In the III quarter, Poland’s GDP rose by 3.5 percent year to year – recent GUS figures show. – Compared to provisional assessments, the figures have been revised upwards. The structure of GDP growth has also been revealed. Consumption demand and investment expenses continue a slight downturn. However, growth has picked up the pace thanks to an increased positive contribution of net export and a lower decrease rate of companies’ reserves – comments Łukasz Kozłowski, expert of Employers of Poland.
The economic growth rate in Poland remains relatively stable, but its structure is quite unusual. In times of economic upturn we are usually experiencing high dynamics of individual consumption and spending on fixed assets, while the value of import grows quicker than that of export. However, this time the situation is completely different. Despite the fact that unemployment is decreasing and real wages are growing at the fastest rate in ca. 7 years, the III quarter is the second consecutive quarter to see a decrease in the contribution of household consumption demand to GDP growth. Investments also look rather weak, the value of which increased by 4.6 percent year to year compared to 6.1 percent in the previous quarter. Poles still prefer to save their surpluses rather than spend it on consumption – which may partially by an effect of long-term deflation. Bad moods on the Polish capital market and the unstable global situation discourage companies from carrying out more ambitious investment plans. Long-term, this may restricted the rate of unemployment decrease, adversely affecting the likelihood of a further improvement on the labour market.

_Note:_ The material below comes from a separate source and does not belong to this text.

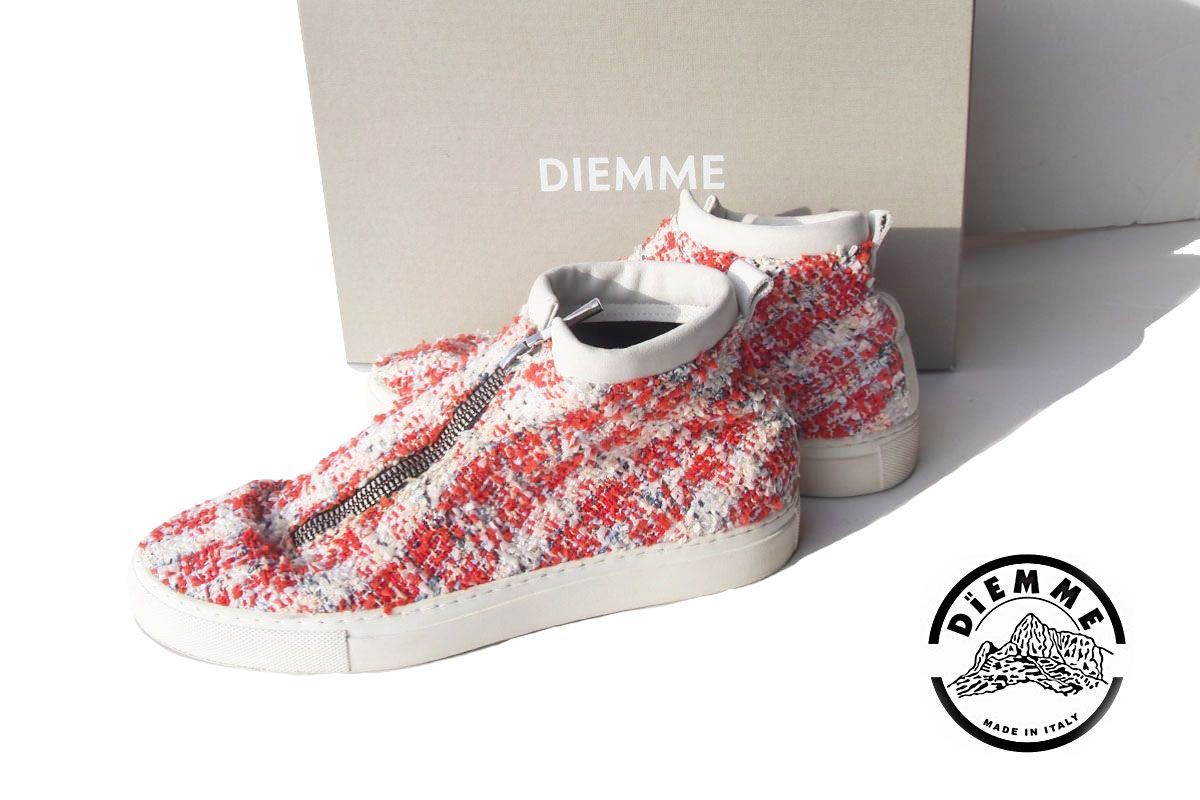 DIEMME ジップアップ ハイカットスニーカー ツイード レザー 新品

The weakening consumption and fixed asset expense dynamics is compensated for by the positive contribution of foreign trade turnover. Lower domestic currency value increases export competitiveness while at the same time discouraging import. The resulting trade surplus is not caused by an extraordinary power of the export sector, but rather by low import dynamics – which does not testify positively to Poland’s current economic conditions. As long as main growth motors – that is investment and consumption – are not running, it is hard to expect GDP dynamics to exceed the 4 percent threshold.